Oh yeah! What manuals / books are recommened for guidance on repairs? Chilton / Haynes?
“What is the easiest way to inspect for a rusty cowl area? I’m thinking I could just shine a flashlight into the kick panel vents, and down the cowl vent, but what do you guys think?”
Pour a half gallon of water down into each side of the cowl. Look for water on floor of car.
I always take a 2-liter bottle of water with me and pour half down each side of the cowl, then check both front floors.
Look under the battery tray specifically. If that’s rusted you may need to do a fender apron repair. It’s not that significant a repair, but it’s just one more thing that will add to the time and cost of the project. Replacing the tray itself is pretty easy.
I recommend the Ford Shop Manual. It should be available from any of the Mustang vendors. My '69 set is four volumes, so I’d expect the 1970 manual to be the same.
I also always take a refrigerator magnet with me to check for bondo. Anything more than a skim coat and the magnet won’t stick. It’s also a type that even the most anal owner won’t typically object to since there’s virtually zero chance of scratching the car with it.

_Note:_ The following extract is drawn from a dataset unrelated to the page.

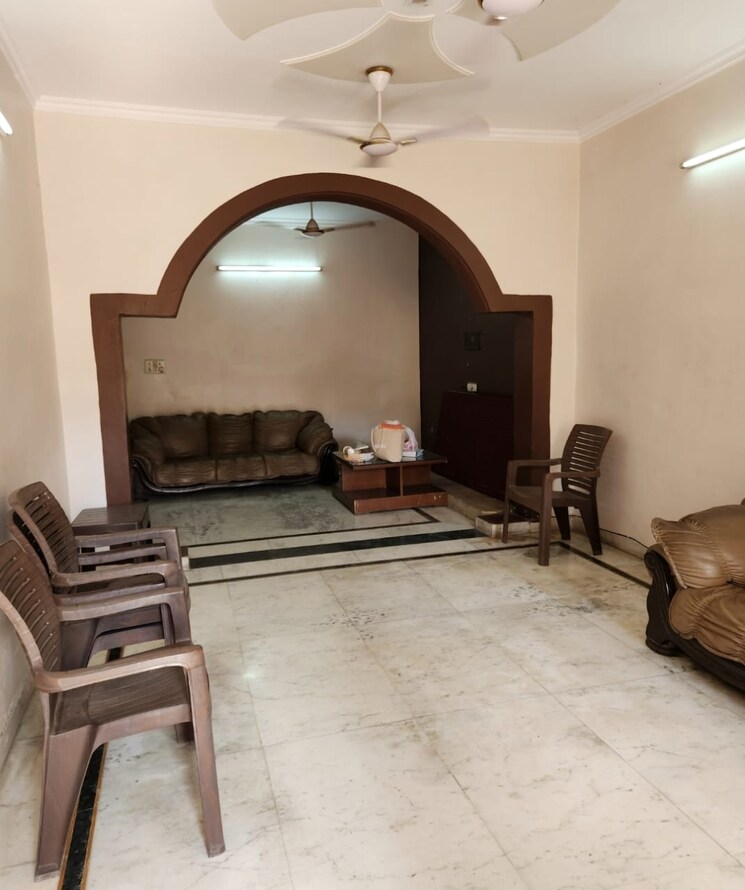 Living Room, sector 28 5 Bedroom 250 Sq.Yd. Villa In Sector 28 Faridabad 9023795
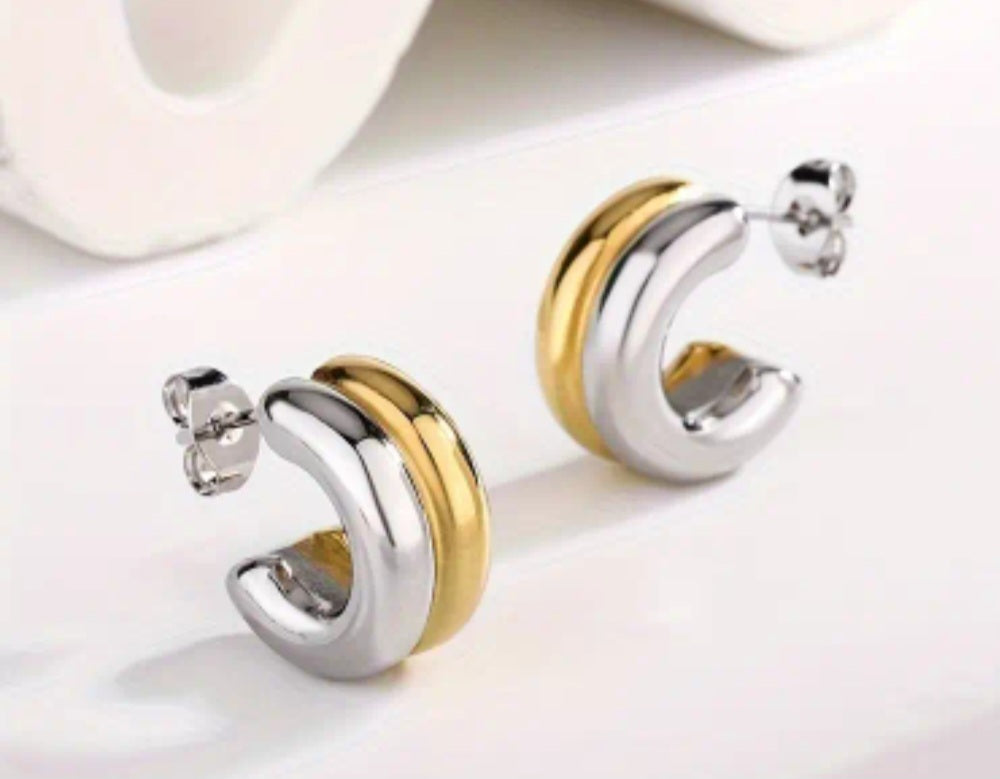 Pendientes tipo aros de acero inoxidable en 2 tonos dorado y plateado/ Stainless steel hoop earrings in two tones: gold and silver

A desert car? Oh then this might be of special interest to you…
Check the tires for dry rot. Little cracks in the rubber. I’ve been reading a ton about it lately. Desert car should be especially susceptible because of hash conditions and lotsa sun.
From what I’ve read, any amount of dry rot means the vehicle is unsafe for highway use and is dangerous for normal road use, and the tires should be replaced immediately.
That’s not a deal breaker, as tires are easily changed and are part of routine maintenance already. But it might be worth knowing, going into it, if you’re gonna have to spend several hundred dollars immediately just to make it safe to drive.
If the cowl leaks 8/10 the floorpans will need replacing or vice-versa.
Same with the rear window corners. If there is a leak in the rear window, trunk, trunk dropoff and/or quarter panel rust.
Hopefully your desert car will be sound.
AC cars eventually leaked condensate into the passenger floorpan. Look for rust there.
Shock towers crack around the holes for the upper control arms, not so much on 69’s and 70’s with the reinforcement.
Cars with a lot of hard use will have cracks at the top of the “A” pillar, if so check the pans and inner rockers.
Schrader valves (or drilled holes) in the rear bumper or trunk mean air shocks, check the upper and lower shock mounts.
Sorry to high jack this thread, but I have a quick question. Art, what would you recommend to prevent this? To stiffen my Cougar up, I’ve installed Maier subframe connectors, Monte Carlo bar and export brace with welded in reinforcement plate. Barring a full roll cage, is there anything else you would do?
If I wanted to eliminate more of the unibody flex, install convertible rockers, torque boxes, and seat platform from a similar year mustang convertible.
Cheap and stealth. I love it. I found this tech article about a formerly offered “Chassis Strengthening Kit” from Mustangs Plus that looks similar to what you described. Even though I’ve already installed my dynamat, I’m basically at that stage in my build right now. I’ll have think about this a little bit more. Okay, enough thread jacking. Thanks for your help, Art.